> **TASK OBJECTIVE**
After locating the line that contains "2009 Kris Van" in the records below, write out exactly that line and each line after it through the one that contains "Forever Women's Rhinestone", and nothing else.

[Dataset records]
* * * *
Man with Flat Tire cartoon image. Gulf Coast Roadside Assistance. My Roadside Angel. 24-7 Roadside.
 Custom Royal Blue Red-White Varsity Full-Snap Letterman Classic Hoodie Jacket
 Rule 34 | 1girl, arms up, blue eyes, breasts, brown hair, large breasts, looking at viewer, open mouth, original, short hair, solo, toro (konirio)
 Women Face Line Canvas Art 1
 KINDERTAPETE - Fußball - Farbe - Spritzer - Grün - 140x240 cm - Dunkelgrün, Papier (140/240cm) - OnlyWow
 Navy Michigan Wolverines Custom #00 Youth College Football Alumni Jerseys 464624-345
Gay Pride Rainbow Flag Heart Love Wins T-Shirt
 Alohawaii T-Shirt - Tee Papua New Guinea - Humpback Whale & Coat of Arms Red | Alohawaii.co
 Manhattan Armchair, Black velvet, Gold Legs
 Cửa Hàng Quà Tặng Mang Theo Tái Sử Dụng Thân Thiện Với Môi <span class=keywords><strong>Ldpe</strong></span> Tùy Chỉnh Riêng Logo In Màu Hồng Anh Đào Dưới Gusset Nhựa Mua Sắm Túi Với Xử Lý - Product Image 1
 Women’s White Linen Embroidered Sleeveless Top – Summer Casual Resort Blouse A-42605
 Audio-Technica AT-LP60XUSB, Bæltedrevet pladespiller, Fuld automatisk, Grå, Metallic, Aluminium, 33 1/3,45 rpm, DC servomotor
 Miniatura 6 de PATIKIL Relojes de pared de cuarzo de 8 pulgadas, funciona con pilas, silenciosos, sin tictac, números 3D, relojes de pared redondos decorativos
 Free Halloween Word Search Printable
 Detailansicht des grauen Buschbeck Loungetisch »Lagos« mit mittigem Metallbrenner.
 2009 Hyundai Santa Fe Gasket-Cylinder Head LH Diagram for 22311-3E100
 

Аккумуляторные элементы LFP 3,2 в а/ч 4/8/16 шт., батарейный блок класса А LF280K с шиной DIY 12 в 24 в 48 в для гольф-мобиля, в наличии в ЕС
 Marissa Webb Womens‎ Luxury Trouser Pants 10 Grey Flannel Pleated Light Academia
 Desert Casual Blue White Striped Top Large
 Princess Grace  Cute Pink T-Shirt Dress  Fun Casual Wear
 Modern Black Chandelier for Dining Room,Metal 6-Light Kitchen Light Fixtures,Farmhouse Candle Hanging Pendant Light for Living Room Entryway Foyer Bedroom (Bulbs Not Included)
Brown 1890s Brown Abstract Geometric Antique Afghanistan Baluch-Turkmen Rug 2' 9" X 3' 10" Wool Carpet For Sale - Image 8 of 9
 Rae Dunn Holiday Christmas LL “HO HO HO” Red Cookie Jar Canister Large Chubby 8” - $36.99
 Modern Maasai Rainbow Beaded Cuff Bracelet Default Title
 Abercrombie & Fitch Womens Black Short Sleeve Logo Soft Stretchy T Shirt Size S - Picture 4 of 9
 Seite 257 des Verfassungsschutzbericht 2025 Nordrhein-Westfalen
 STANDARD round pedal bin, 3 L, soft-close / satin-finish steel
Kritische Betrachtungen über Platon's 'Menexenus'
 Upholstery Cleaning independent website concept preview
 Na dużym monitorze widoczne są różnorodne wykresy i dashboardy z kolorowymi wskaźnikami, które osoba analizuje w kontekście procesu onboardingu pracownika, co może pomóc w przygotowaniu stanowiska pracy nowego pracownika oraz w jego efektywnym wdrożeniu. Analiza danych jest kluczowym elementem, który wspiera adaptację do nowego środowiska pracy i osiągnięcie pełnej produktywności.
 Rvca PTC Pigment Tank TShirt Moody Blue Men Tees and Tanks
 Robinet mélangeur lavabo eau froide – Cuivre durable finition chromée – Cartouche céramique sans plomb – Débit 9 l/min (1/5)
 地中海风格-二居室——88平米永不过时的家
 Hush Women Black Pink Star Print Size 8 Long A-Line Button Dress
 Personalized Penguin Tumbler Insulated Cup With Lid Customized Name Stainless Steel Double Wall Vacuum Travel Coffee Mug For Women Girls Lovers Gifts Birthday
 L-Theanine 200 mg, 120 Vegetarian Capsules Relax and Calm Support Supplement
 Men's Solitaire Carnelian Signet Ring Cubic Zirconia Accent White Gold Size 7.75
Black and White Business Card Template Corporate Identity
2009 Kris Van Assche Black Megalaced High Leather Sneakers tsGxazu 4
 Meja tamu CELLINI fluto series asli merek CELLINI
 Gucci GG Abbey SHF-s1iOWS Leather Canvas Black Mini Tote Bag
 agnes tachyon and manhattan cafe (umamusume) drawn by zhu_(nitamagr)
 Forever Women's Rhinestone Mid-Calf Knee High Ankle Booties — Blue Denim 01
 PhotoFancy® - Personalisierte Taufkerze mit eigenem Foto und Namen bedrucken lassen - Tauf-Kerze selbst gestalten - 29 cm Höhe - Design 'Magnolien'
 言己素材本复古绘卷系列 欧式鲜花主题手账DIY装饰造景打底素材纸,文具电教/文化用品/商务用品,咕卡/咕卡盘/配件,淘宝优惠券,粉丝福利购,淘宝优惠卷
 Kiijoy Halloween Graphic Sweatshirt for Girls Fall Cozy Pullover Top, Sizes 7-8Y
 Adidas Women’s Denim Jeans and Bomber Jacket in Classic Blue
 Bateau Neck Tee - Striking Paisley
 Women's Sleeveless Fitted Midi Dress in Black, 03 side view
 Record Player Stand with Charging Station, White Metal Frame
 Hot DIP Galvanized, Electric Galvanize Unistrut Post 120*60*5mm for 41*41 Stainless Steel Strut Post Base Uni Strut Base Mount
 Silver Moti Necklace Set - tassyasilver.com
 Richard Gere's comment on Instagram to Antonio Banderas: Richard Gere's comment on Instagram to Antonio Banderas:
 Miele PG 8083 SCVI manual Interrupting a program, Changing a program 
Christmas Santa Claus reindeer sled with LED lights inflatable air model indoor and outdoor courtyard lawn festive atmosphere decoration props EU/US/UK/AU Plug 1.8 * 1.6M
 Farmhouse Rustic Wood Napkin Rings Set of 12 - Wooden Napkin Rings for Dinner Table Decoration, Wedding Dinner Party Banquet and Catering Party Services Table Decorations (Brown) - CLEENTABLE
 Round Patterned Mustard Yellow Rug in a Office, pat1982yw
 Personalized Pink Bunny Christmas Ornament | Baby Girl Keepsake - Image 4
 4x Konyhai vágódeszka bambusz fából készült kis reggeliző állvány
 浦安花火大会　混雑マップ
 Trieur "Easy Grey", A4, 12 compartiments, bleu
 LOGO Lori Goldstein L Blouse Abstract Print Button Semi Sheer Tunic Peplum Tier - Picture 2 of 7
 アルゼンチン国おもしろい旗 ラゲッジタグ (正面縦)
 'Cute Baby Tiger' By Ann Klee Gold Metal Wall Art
* * * *
> **ANSWER AREA**
2009 Kris Van Assche Black Megalaced High Leather Sneakers tsGxazu 4
 Meja tamu CELLINI fluto series asli merek CELLINI
 Gucci GG Abbey SHF-s1iOWS Leather Canvas Black Mini Tote Bag
 agnes tachyon and manhattan cafe (umamusume) drawn by zhu_(nitamagr)
 Forever Women's Rhinestone Mid-Calf Knee High Ankle Booties — Blue Denim 01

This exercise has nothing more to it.